A “Slow Motion Train Wreck”
by Stephen Lendman, August 16, 2007
These days, financial/market punditry seems to follow two opposite lines of thinking. It ranges from the predominant view that world economies are growing and sound, problems in them minor and fixable, and current volatility (aka turmoil) is corrective, normal and a healthy reassessing and repricing of risk. Contrarians, on the other hand, believe the sky is falling. Most often, extreme views like these turn out wrong and are best avoided. Things are never that simple and hindsight usually proves only Cassandra was good at forecasting although calling market tops and bottoms wasn’t her specialty.
Amidst all the commentary and sorting out of market Strang und Durm these days, some financial world figures stand head and shoulders above the rest for their wisdom, level-headednessness and believability. One in particular is Jeremy Grantham, called by some the philosopher king of Wall Street even though he’s based to the northeast in Boston. In 1977, he co-founded Grantham, Mayo and Van Otterloo, now known as GMO. In his Quarterly Letters to clients, he assesses current market conditions and usually takes a longer view as well. His commentaries are detailed, scholarly, sober and clear.
The Vanguard Group of mutual funds founder John Bogle calls Grantham “one of the top two or three individuals in this business (and) If there’s anybody in this whole business who calls a spade a spade (that person is) Jeremy Grantham.” A metaphor for his wisdom, attitude and investing style sits aside his office desk. It’s a huge 9th century stone Buddha signifying “everything in moderation” and one of Grantham’s core beliefs that all markets eventually revert to their mean values from their highs and lows.
Based on his company’s exhaustive research, there are “no exceptions ever.” Bubbles come and go, but, in time, they all settle back in same place. As Grantham puts it: “We know one principal truth at GMO and that is that we live in a mean-reverting world in investing. (Our research) has shown….that all bubbles….eventually break (and our definition of a bubble is a) 2 standard deviation event – the kind of moves that occur about every 40 years.” Grantham mentions four stock market ones in particular that stand out – the US in 1929, US again in 1965 – 72, 1989 in Japan (in land and stocks) and the still ongoing greatest ever US 2000 bubble yet to come back to its mean.
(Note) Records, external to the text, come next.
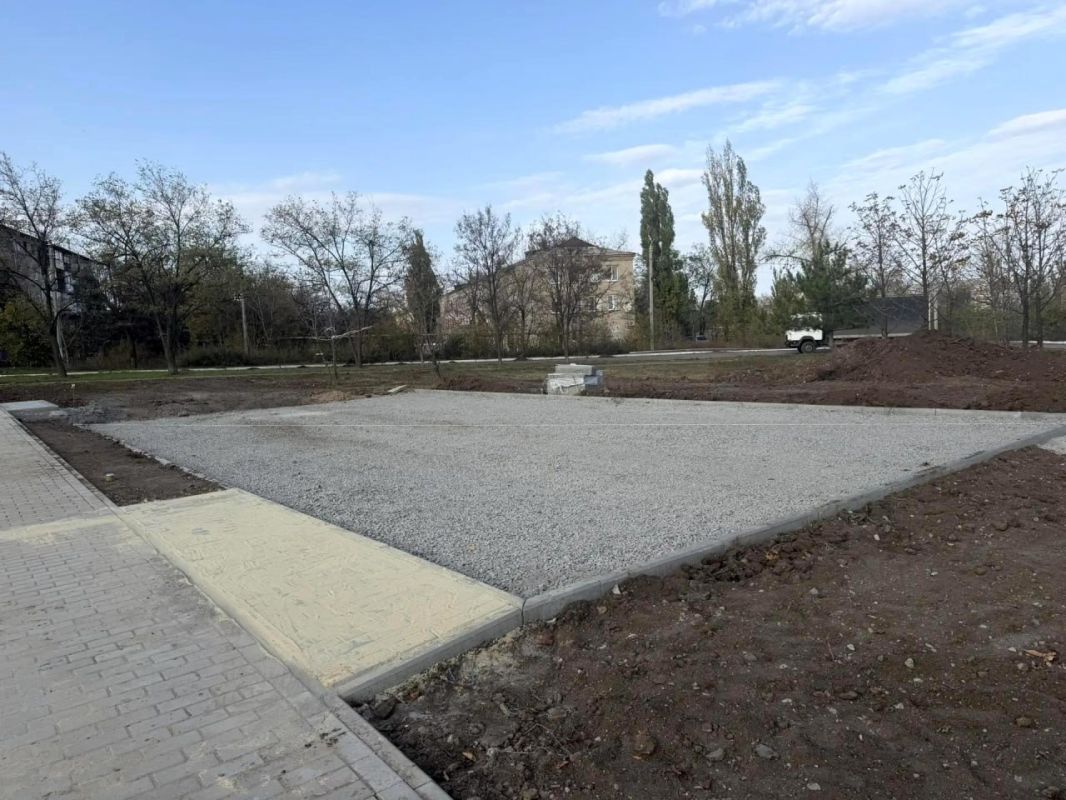 Сергей Назаров оценил ход благоустройства городских парков в Кировском Сергей Назаров оценил ход благоустройства городских парков в Кировском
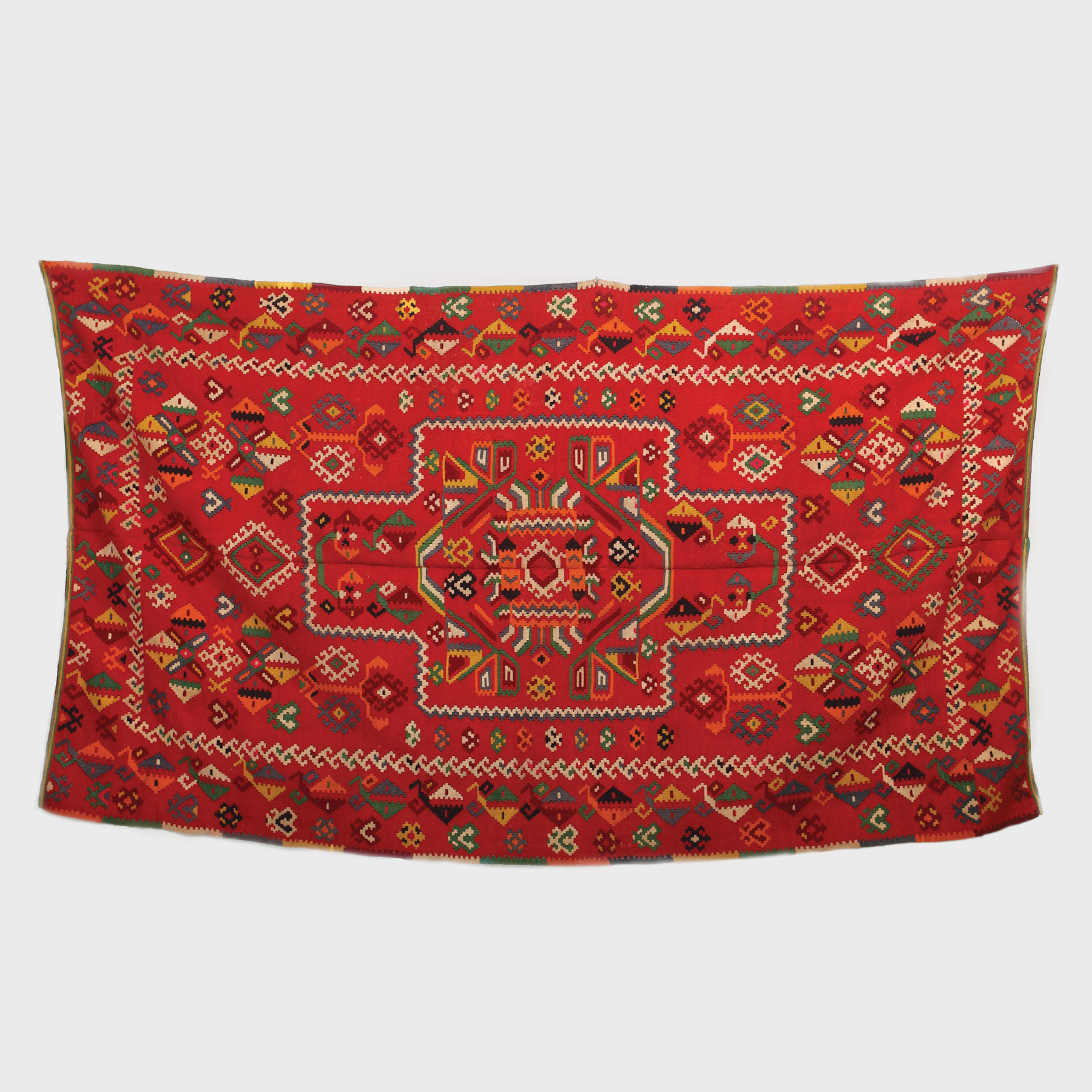 Covor decorat cu motive geometrice şi simboluri ale Arborelui Vieţii, Câmpia Banatului, posibil Timiş, ultimul pătrar al sec. XIX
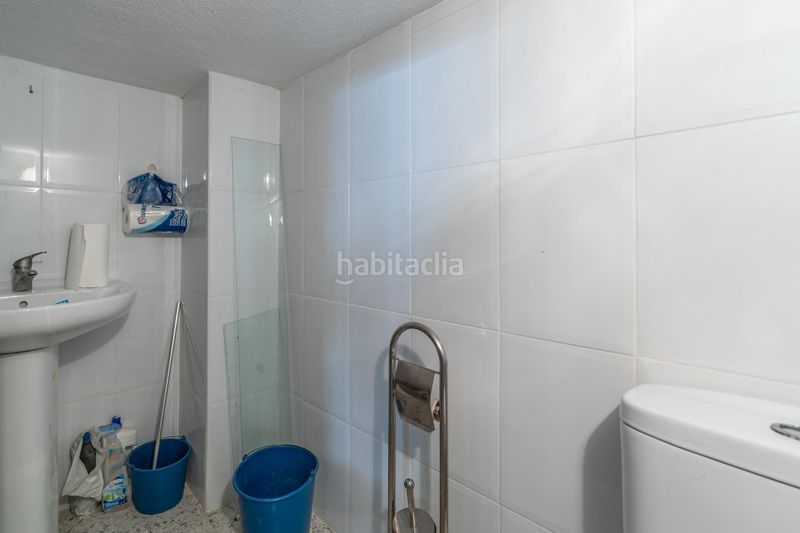 Foto d3cabeba-ed3b-4f01-9fba-4646040f4c75. Edificio en Peza (La)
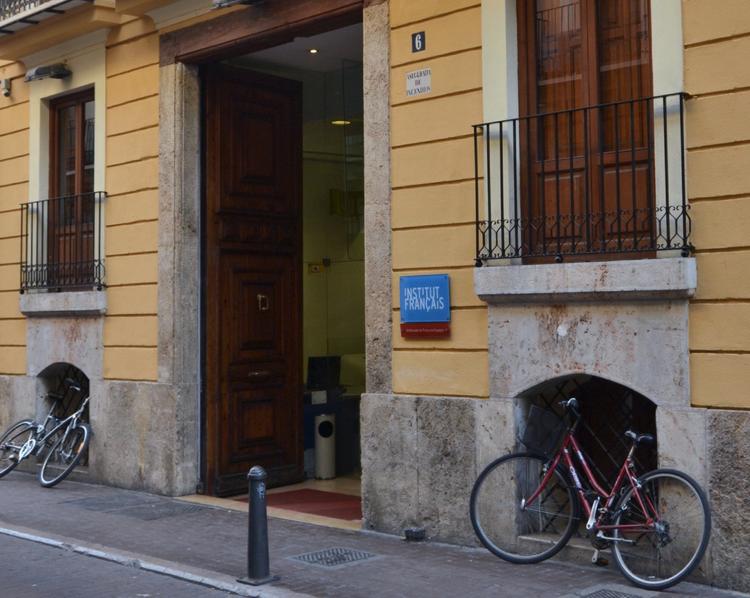 La façade de l'Institut français de Valence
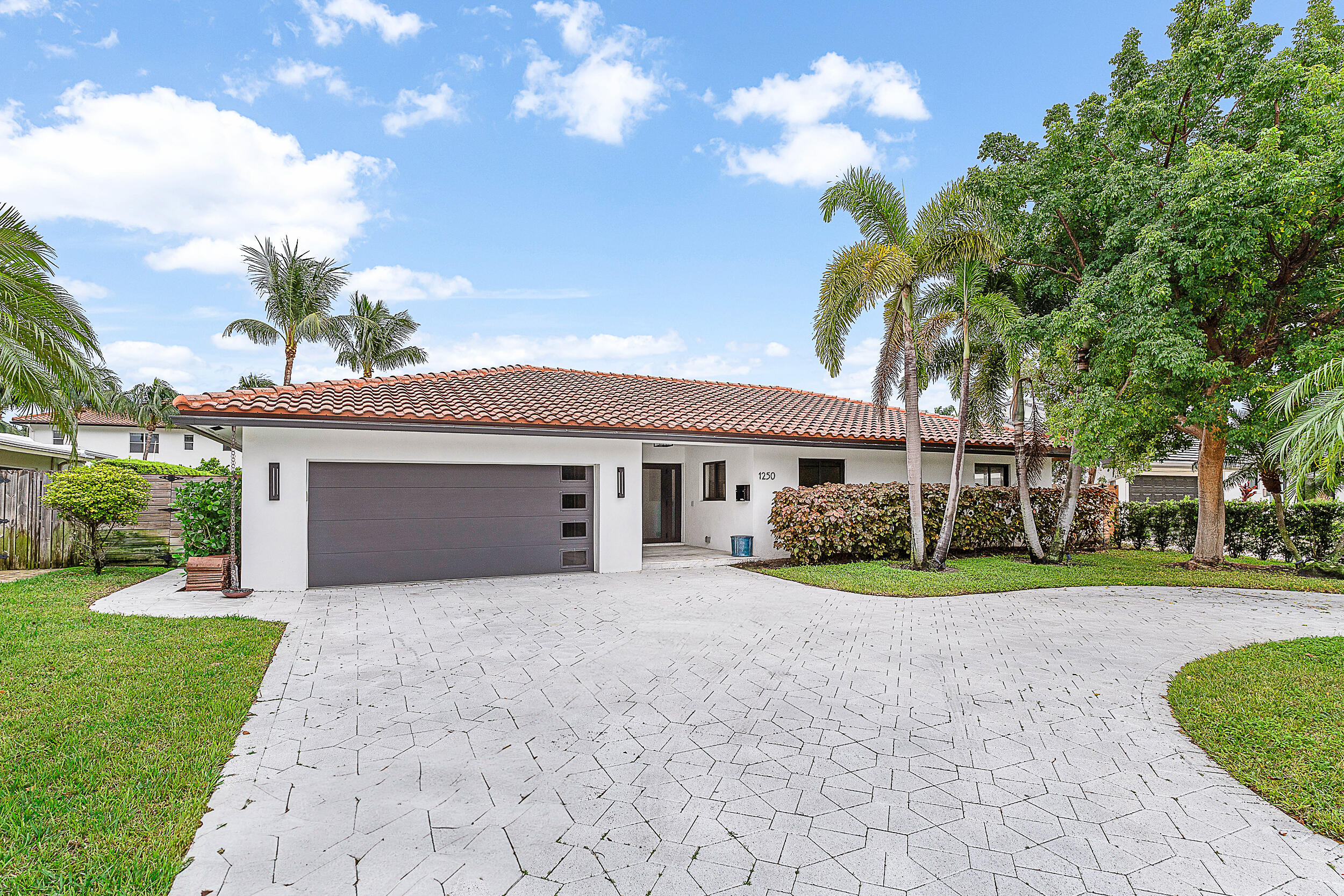Foto de propiedad en 1250 NE 27th Terrace, Pompano Beach, FL 33062 Pompano Beach con MLS# 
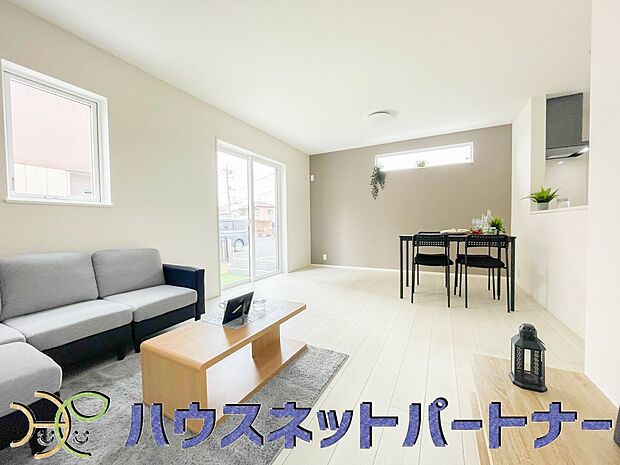 通風・採光に優れ、心地よい光と風が溢れています。 贅沢で豊かな居住性と、プライドを満たすクオリティが見事に調和した住空間。新築ならではの快適なひとときをご体感頂ける筈です。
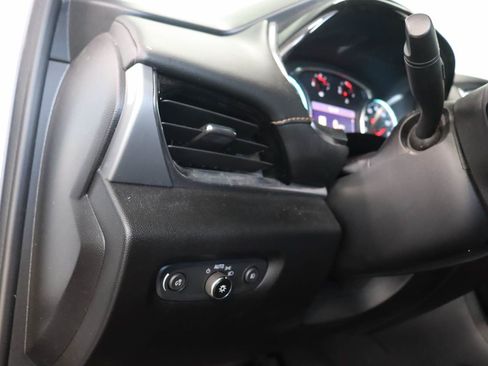 Used 2021 Chevrolet Traverse RS FWD image 13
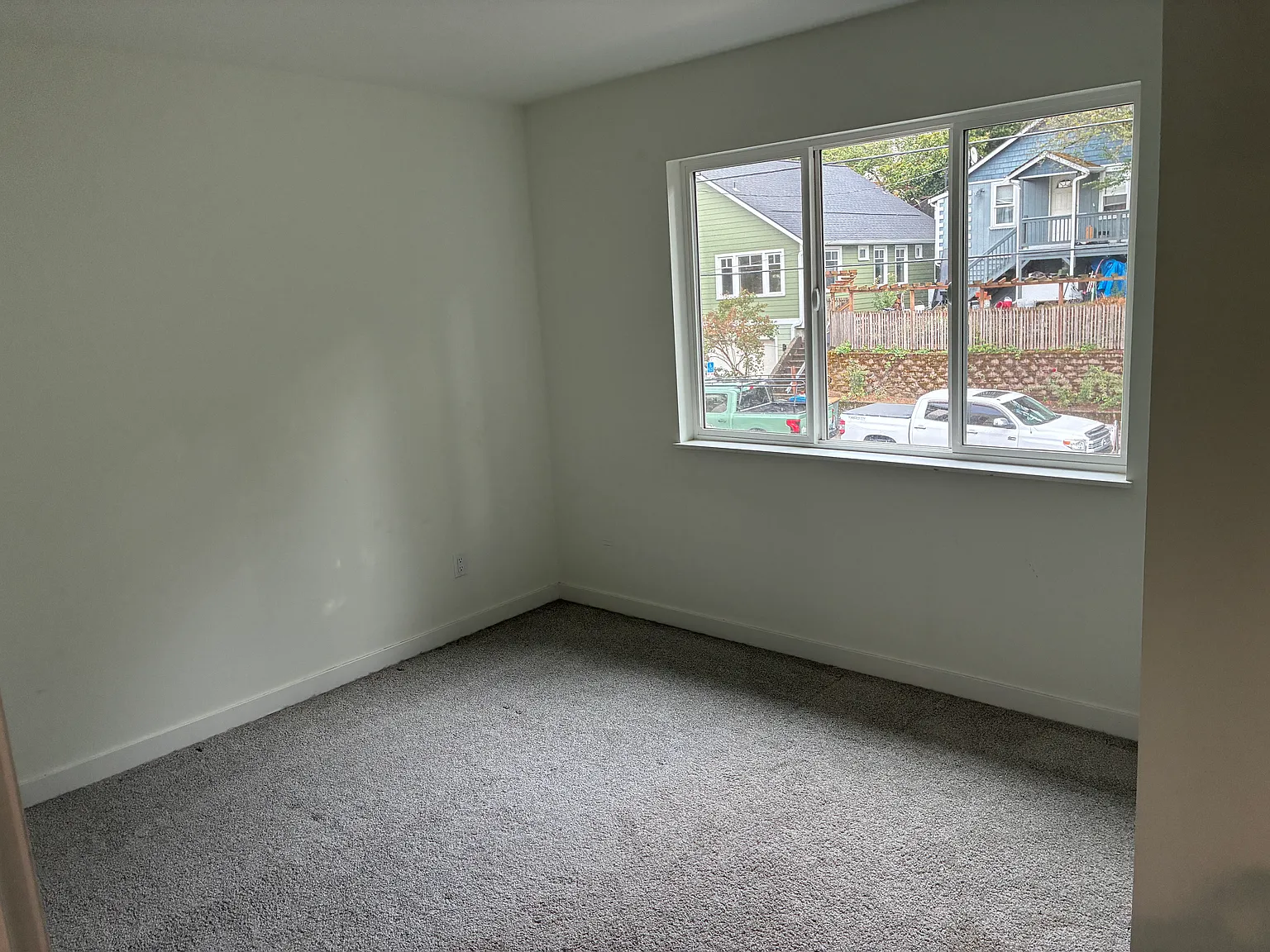 2 bed, 920 sqft, $2,100 — Photo 4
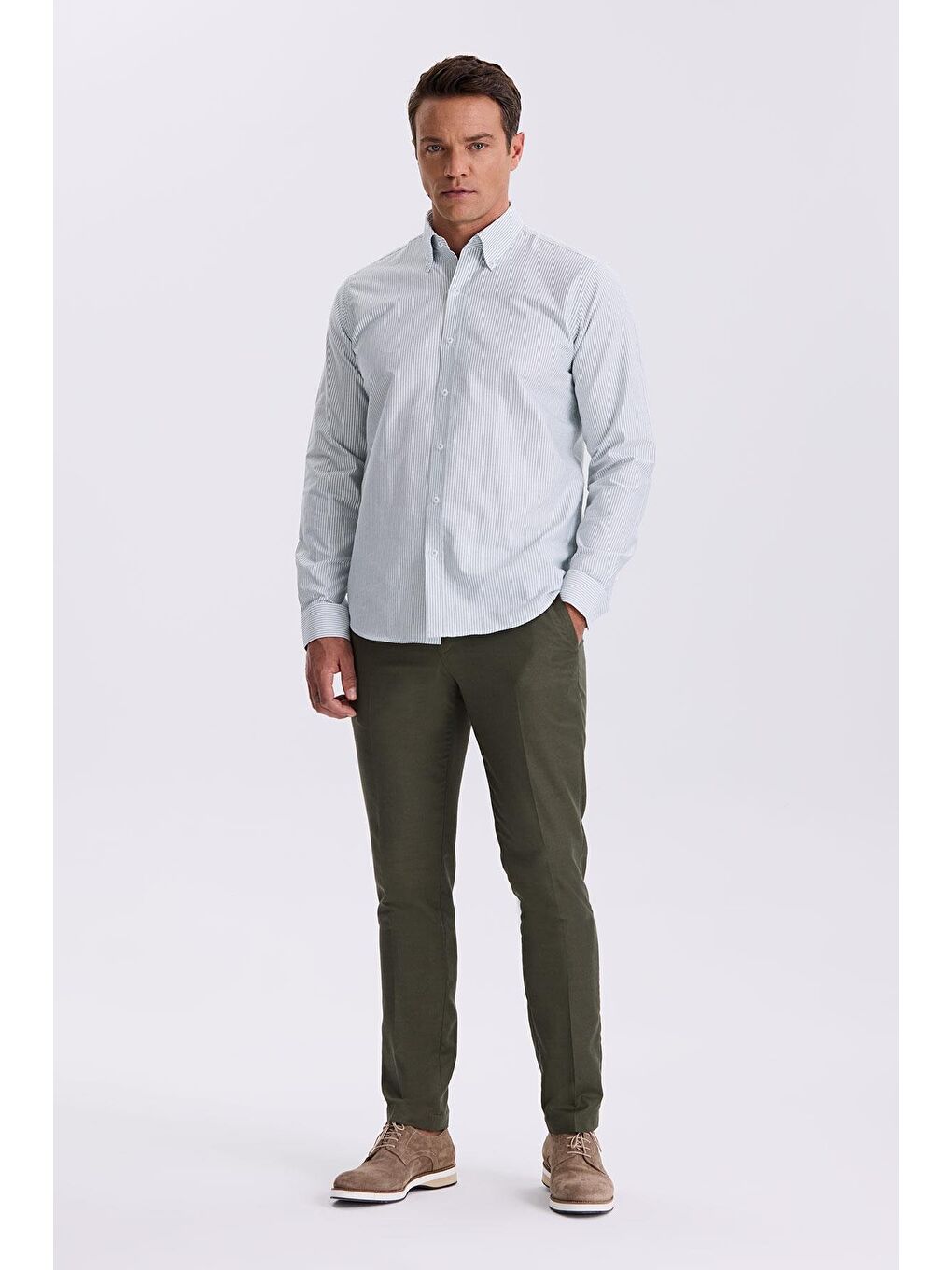 Yeşil %100 Pamuk Düğmeli Yaka Comfort Fit Gömlek-1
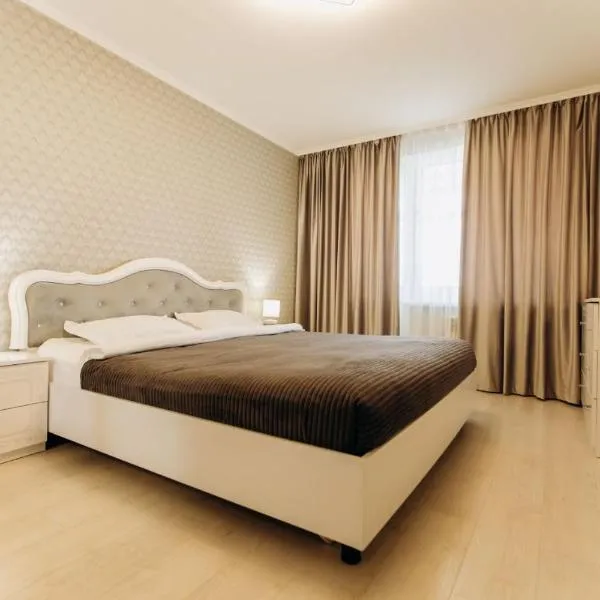 Luxury Big Family Apart on Golovna поряд з ТЦ ДЕПОТ та АТБ, hotel in Chernivtsi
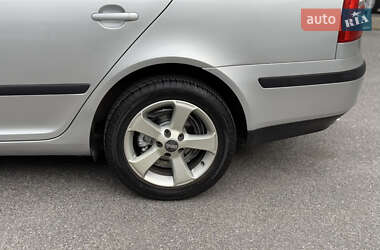 Ліфтбек Skoda Octavia 2006 в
Grantham is known in the trade as a value investor. That means buying financial assets at less than their intrinsic value or what famed investor/Columbia University professor Benjamin Graham (1894 – 1976) called a “margin of safety.” Warren Buffett today calls it “finding an outstanding company (or any financial asset) at a sensible price” as opposed to a bargain that may turn out bogus or a booby trap. Grantham correctly called the equity bubble in the late 1990s and believes the 2000 – 2003 bear market is secular, long-term, and unlikely to end before 2010 despite a continuing four year cyclical bullrun reprieve from 2003 to the present. Only in the fullness of time will he, and the rest of us, know if he’s right.
Earlier in the year, Grantham toured the world for six weeks, returned worried, and wrote about it in his April Quarterly Letter titled “It’s Everywhere, In Everything: The First Truly Global Bubble.” It’s “bubble time,” he observed “from Indian antiquities to modern Chinese art; from land in Panama to Mayfair; from forestry, infrastructure, and the junkiest bonds to mundane blue chips.” All the necessary conditions are in place – “fundamental economic conditions” look excellent; central bank supplied liquidity is plentiful and cheap; and there’s so much around, it’s easy to leverage. Since around mid-July or so, the latter condition no longer is true or perceived to be by investors turned cautious and in some cases even panicky.
Grantham explains human behavior causes bubbles when positive market conditions unleash “animal spirits” to capitalize on opportunities that get carried to extremes when there’s enough cheap credit around as fuel. Even in the best of times, that’s a recipe for trouble with success feeding on itself. It signals by leveraging up, the better investors can do until the music stops as it always does, and the longer and louder it’s been playing, the severer the subsequent headache.
No one knows for sure when big trouble’s coming next or how bad it’ll be when it arrives. Up to early summer, it was smooth sailing and easy profits, but Grantham says what he sees today is unprecedented: “everyone, everywhere (in all asset classes) is reinforcing one another.” Across the world you hear it confirmed that “they don’t make any more land (and) with these growth rates and low interest rates, equity markets must keep rising (and) private equity (plus merger mania, huge stock buy-backs and plenty of central bank supplied fuel) will continue to drive the markets.”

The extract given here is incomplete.